> [Exercise aim]:
Please copy every record below exactly, leaving out the pictures.

Short descriptive text snippets
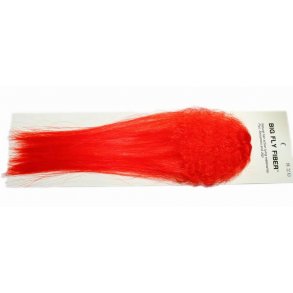 Big Fly Fibre - Curly Red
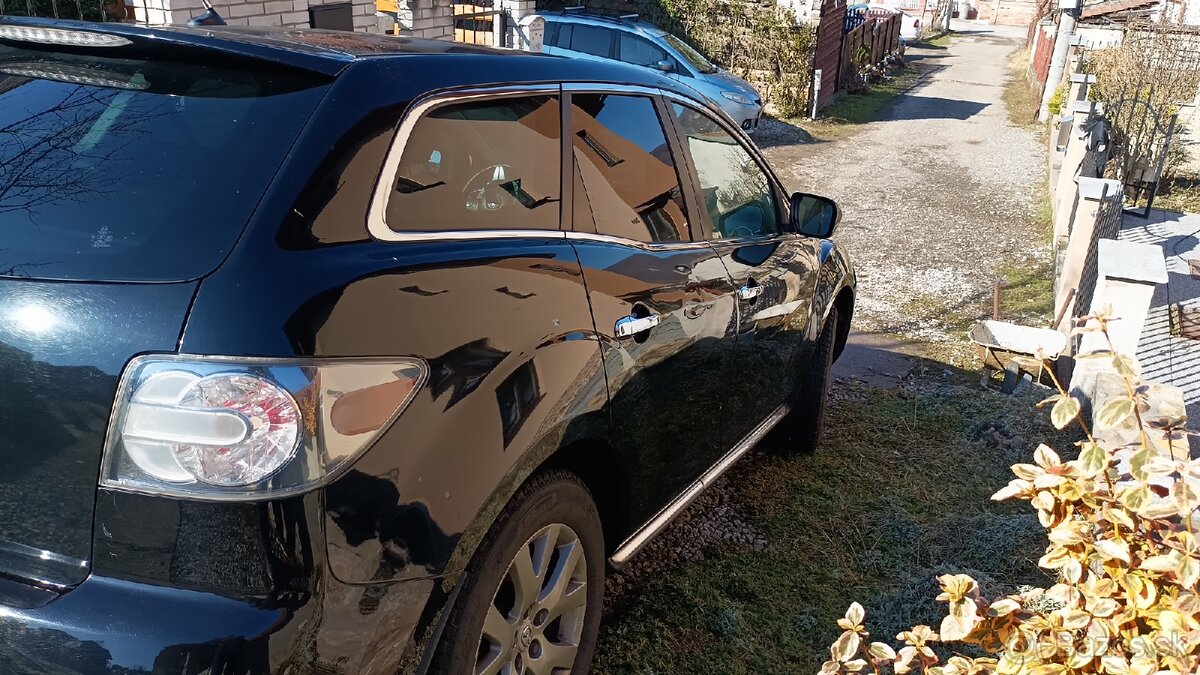 Mazda cx7 - 2
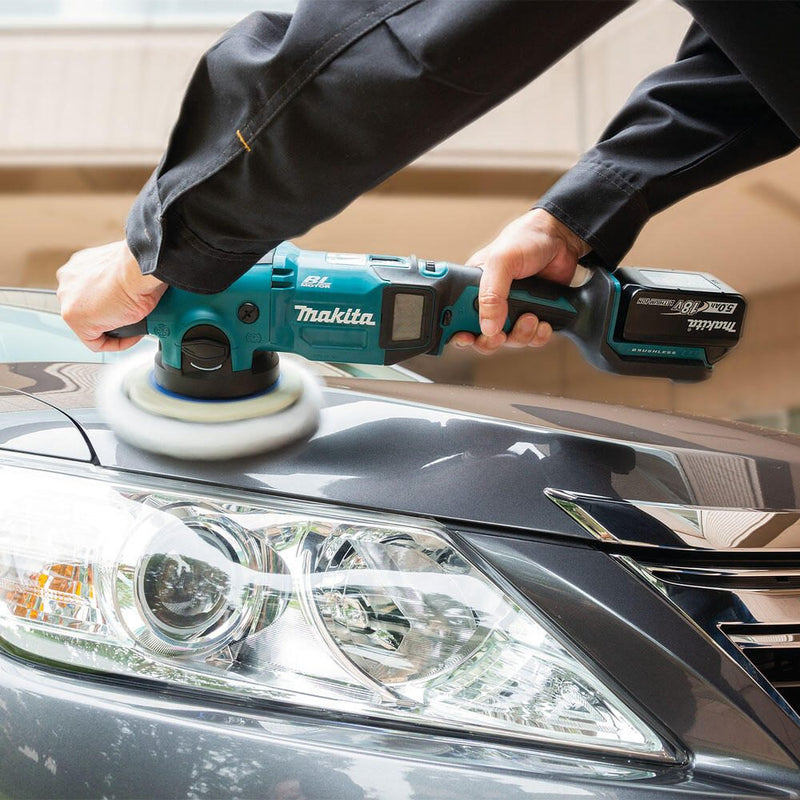 makita Akku-Exzenter-Poliermaschine DPO600Z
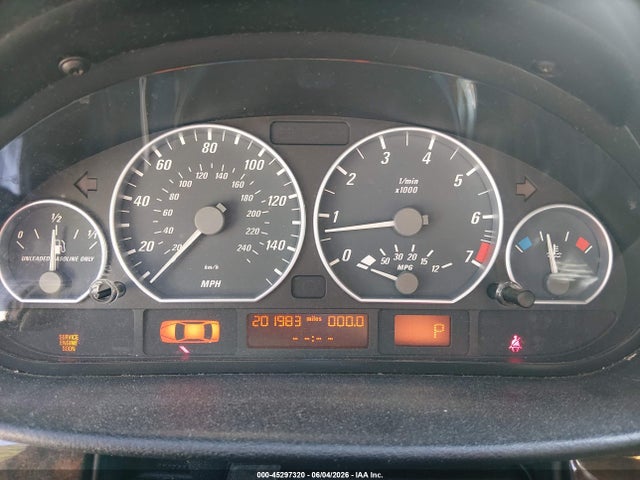 45297320 :رقم المزاد ، WBABW33484PL27098 vin ، 2004 Bmw 325ci مزاد بيع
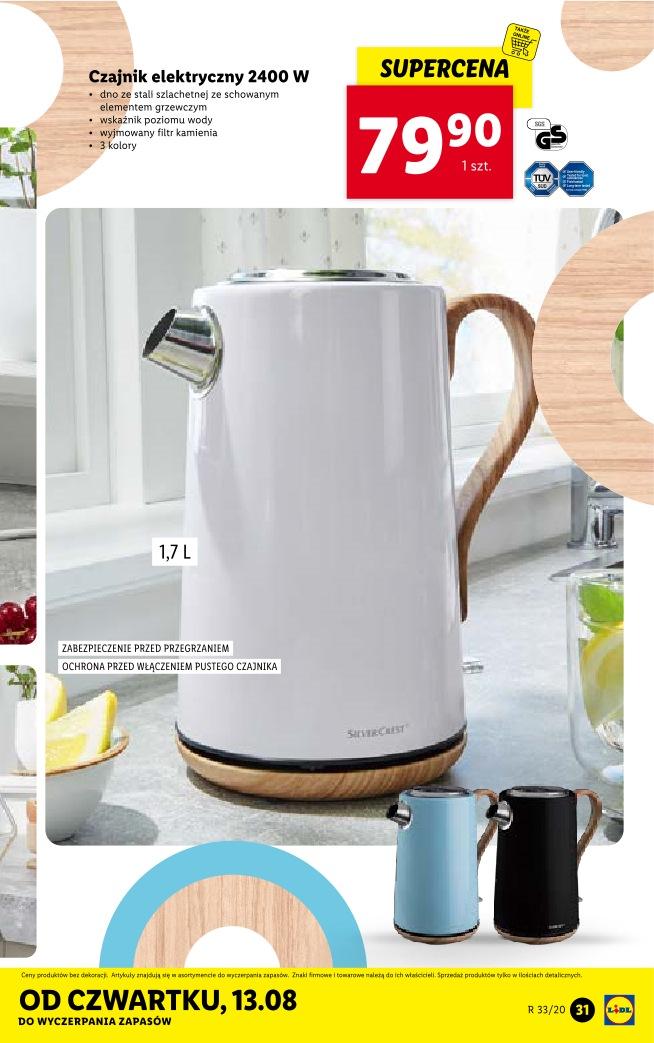 Gazetka promocyjna Lidl str. 31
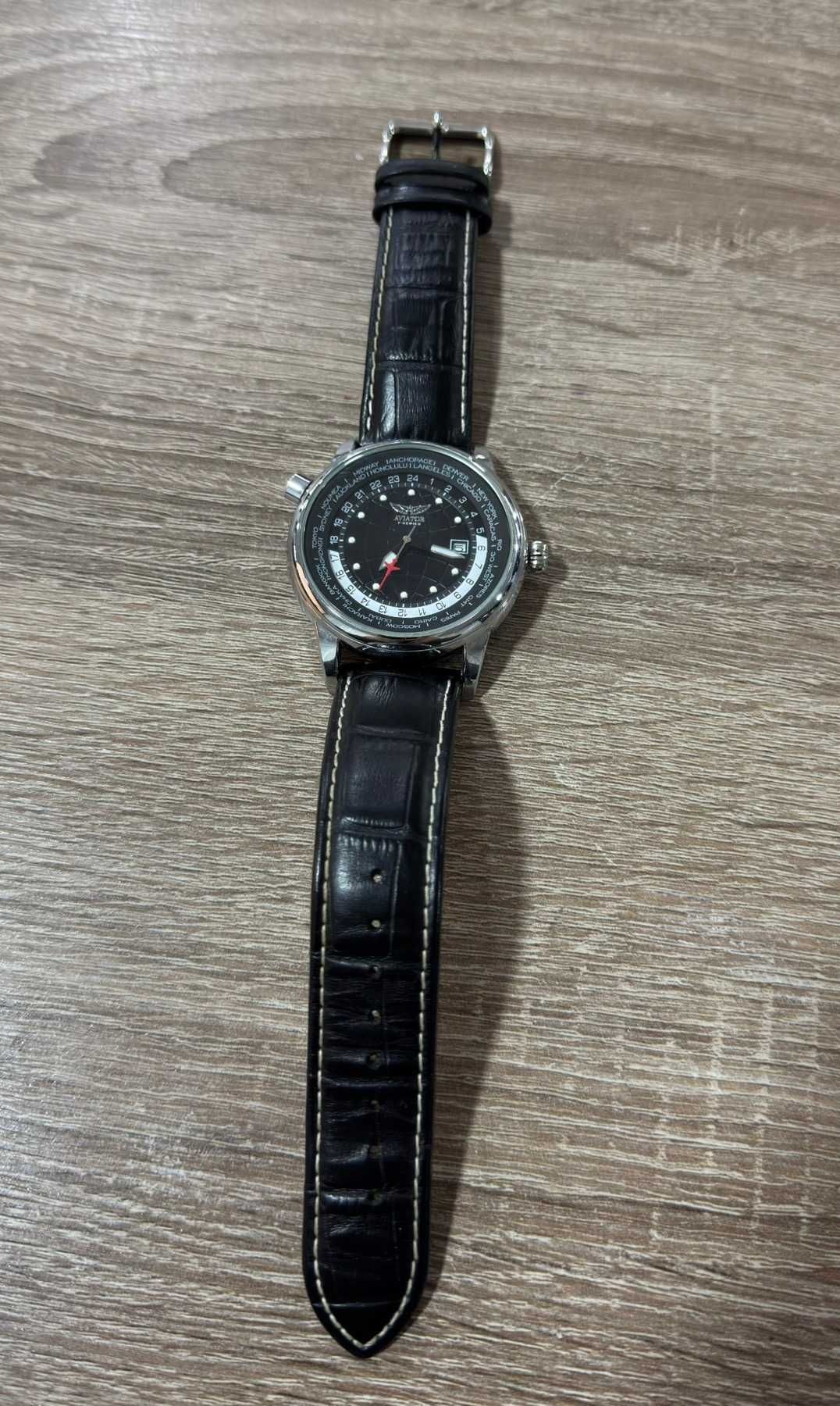 Мъжки часовник Aviator AVW6975G354 World Time F-Series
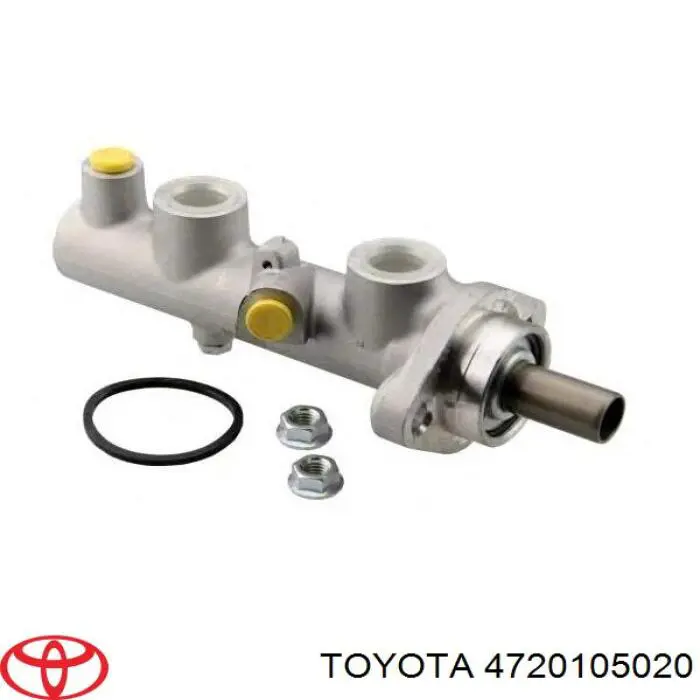 Główny cylinder hamulców Toyota Carina E sedana (T19) (1992 - 1997) cena, od 80,74 USD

> [The answer]:
 Big Fly Fibre - Curly Red
 Mazda cx7 - 2
 makita Akku-Exzenter-Poliermaschine DPO600Z
 45297320 :رقم المزاد ، WBABW33484PL27098 vin ، 2004 Bmw 325ci مزاد بيع
 Gazetka promocyjna Lidl str. 31
 Мъжки часовник Aviator AVW6975G354 World Time F-Series
 Główny cylinder hamulców Toyota Carina E sedana (T19) (1992 - 1997) cena, od 80,74 USD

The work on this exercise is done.